運命みたいな恋は、ほら!すぐそこに転がっている

幸いなことに、園に帰ってからの晴斗くんに変わった様子はなかった。
いつものようにお父さんの迎えは遅くなるため、今も延長保育組のお友達とご機嫌で遊んでいる。
一方私は晴斗くんの付き添いで半日病院へ行っていたこともあり、早めに帰りなさいと言ってもらい定時に園を出た。

私が勤務するのは、都心から少し離れたところにあるわかば保育園。
住宅街が近く周辺にはまだ緑の残る立地に加え、駅にも近いことから都心に通勤する親御さんにも便利な場所だ。

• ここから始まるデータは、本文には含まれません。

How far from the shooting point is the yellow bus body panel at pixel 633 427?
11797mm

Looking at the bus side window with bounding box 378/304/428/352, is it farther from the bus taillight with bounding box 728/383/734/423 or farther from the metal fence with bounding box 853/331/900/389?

そのせいか、定員50人ほどの民間保育園ではあるものの、入園希望者は後を絶たない。
もちろんそれはただ便利な場所にあるというだけでなく、園長先生をはじめとする先生たちの人柄や、食育や読み聞かせなどの行き届いた保育と教育方針が支持されているからだと思う。
かくいう私もこの保育園の卒園生で、園長先生とは顔見知りの仲。
そんなご縁もあって、大学で保育を専攻した私はここに就職した。
名前は三上梨々香、新卒1年目の23歳。
まだ保育士としても社会人としても駆け出しで、必死に勉強をしている最中だ。